Novella Review: City of Wolves by Willow Palecek
A review copy was provided by the publisher in exchange for an honest review. All opinions are my own.
Mogsy’s Rating: 3.5 of 5 stars
Genre: Fantasy, Mystery
Series: Book 1
Publisher: Tor.com (July 26, 2016)
Length: 112 pages
Author Information: Website
Out of Tor.com’s big lineup of releases for this summer, City of Wolves was one that immediately caught my eye and I’m glad I got a chance to read it. New author Willow Palecek has written an outstandingly well-developed and complete tale in a brisk 100 pages or so, while still managing to leave me salivating for more. I’ve always had a penchant for paranormal Victorian mysteries and detective stories; throw in werewolves too, and I am totally game.
The story’s protagonist is Alexander Drake, an investigator-for-hire in the bustling Victorian London-esque city of Lupenwald. A former soldier who fought on the losing side for a deposed king, Drake now prefers to stay under the radar, taking on modest opportunities while staying away from jobs offered by the nobility even though they often pay a lot better. He’s forced to reconsider that position, however, when he finds himself ambushed one evening by Lord Colin Abergreen’s hired goons. Cornering Drake in an alleyway and dangling a large purse as an incentive, the nobleman makes our detective an offer he can’t refuse.
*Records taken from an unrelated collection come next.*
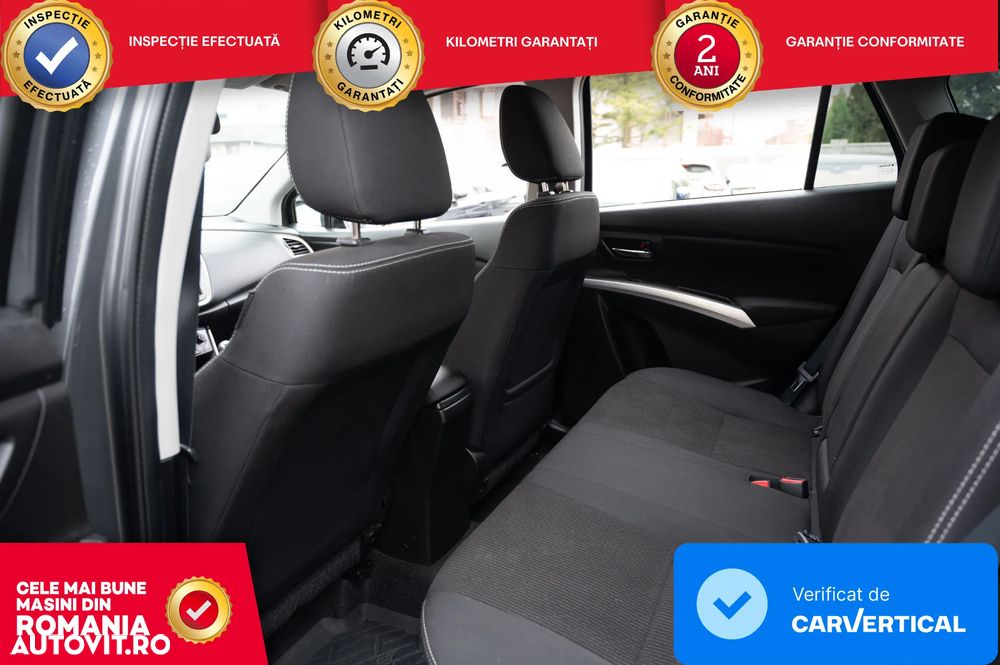 Suzuki S-Cross 1.4 Boosterjet Allgrip Comfort - 20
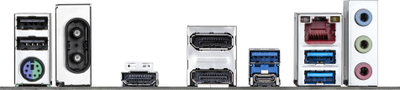 Pllakë amë GIGABYTE B760M DS3H WIFI6E GEN5, DDR5, WiFi 6E, mATX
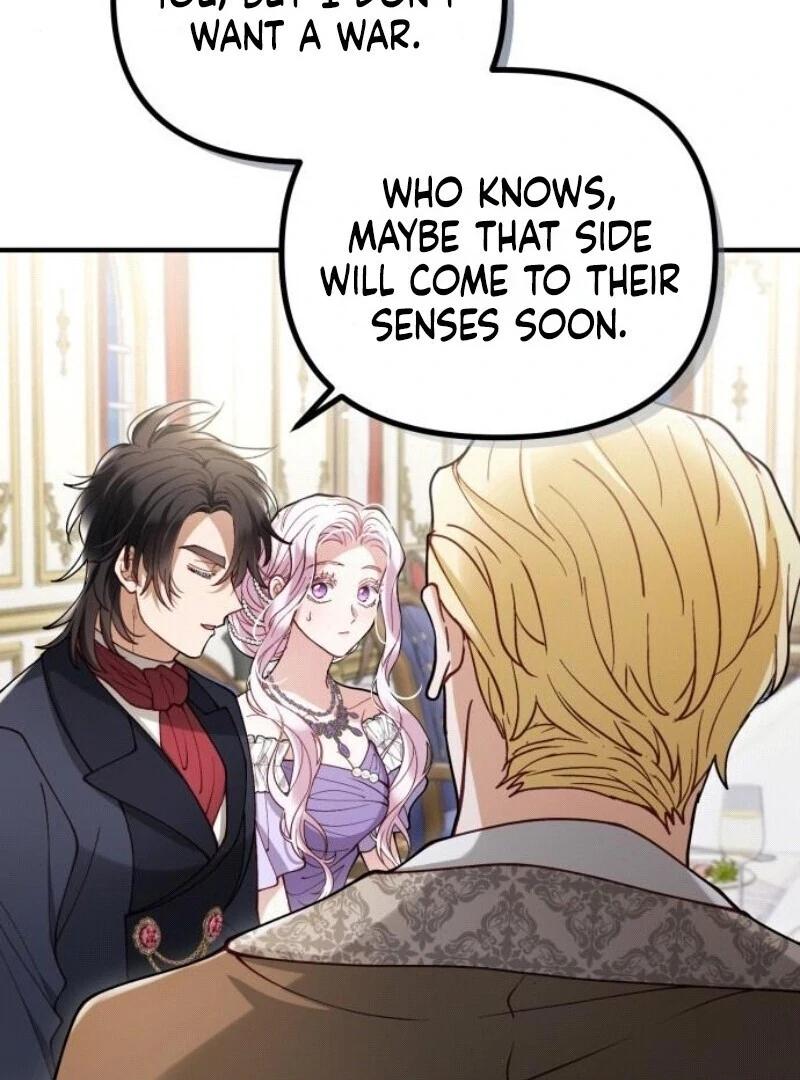 A Beast Swallowed by a Flower Chapter 94 - Page 101 in English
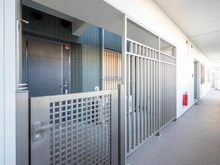 【神奈川県/藤沢市本鵠沼】藤沢パーク・ホームズ弐番館 プライバシーが守られるポーチ採用住戸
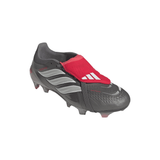 adidas Predator Pro Fold-Over Tongue FG Men's Soccer Cleats - Grey/Red - Best Buy Soccer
Drake, now retained by the Abergreens, agrees to investigate the strange death of the family’s patriarch, Colin’s father. The older man was found dead in the gardens right beneath the shattered window of his chambers, his body completely naked. Old Lord Abergreen was also fond of keeping dogs, a large wolf-like breed that Lupenwald is famous for, and apparently the dogs were fond of him too, as indicated by the canine teeth marks on his corpse. Curiously, the man died without leaving a will, which is rather unusual for a nobleman. The easy thing to do would be to chalk this up to an inheritance dispute, but Drake thinks there’s something more to this case, especially when a werewolf follows him home afterwards and tries to kill him…
I’m impressed with all that Palecek was able to pack into this very slim volume, which features well-crafted characters and a fast-paced plot. Hardly any words are wasted here, as in, blink and you might miss something.
There are both positives and negatives to this, of course. City of Wolves feels very much like other paranormal mysteries of its type, except it accomplishes everything in one third the number of pages. The story is very streamlined, with hardly an ounce of fat on it. The mystery takes off at a fast clip and never falters, and I liked that there was never a dull moment. Still, just because the plot is so efficient, doesn’t mean things aren’t tough for our detective. There are plenty of suspects to consider, and just as many scenarios to ponder in the face of perplexing clues and unexpected twists. There are even a couple scenes of thrilling action and chase sequences to shake things up.
As for the downsides, the world-building feels a bit lean, admittedly. Drake zips from one place to another, and aside from a few cursory observations about his surroundings, we don’t get to see much of the city, and I feel like I’ve been robbed of the opportunity to experience Lupenwald in all its glory. I also failed to get a sense of atmosphere from the writing, which to me is such an important aspect of Victorian-era style fiction.
Furthermore, Drake identifies himself as a Loyalist, something that’s clearly significant to his character and goes back to the War of the Wolves, a fight for the throne between two would-be kings. The book doesn’t dwell much on the conflict, but what little background was revealed about it was very intriguing. If the story could have been a little longer, I would have liked to see more of Lupenwald’s sights and sounds and for the narrative to fill in more of the world’s history—especially since the war was so obviously a defining event for our main protagonist.
Needless to say, I would love for there to be a sequel. I wouldn’t hesitate to read another Alexander Drake novella, especially if future installments will be as enjoyable as this one. City of Wolves was a quick, entertaining read and what I saw definitely left me wanting more.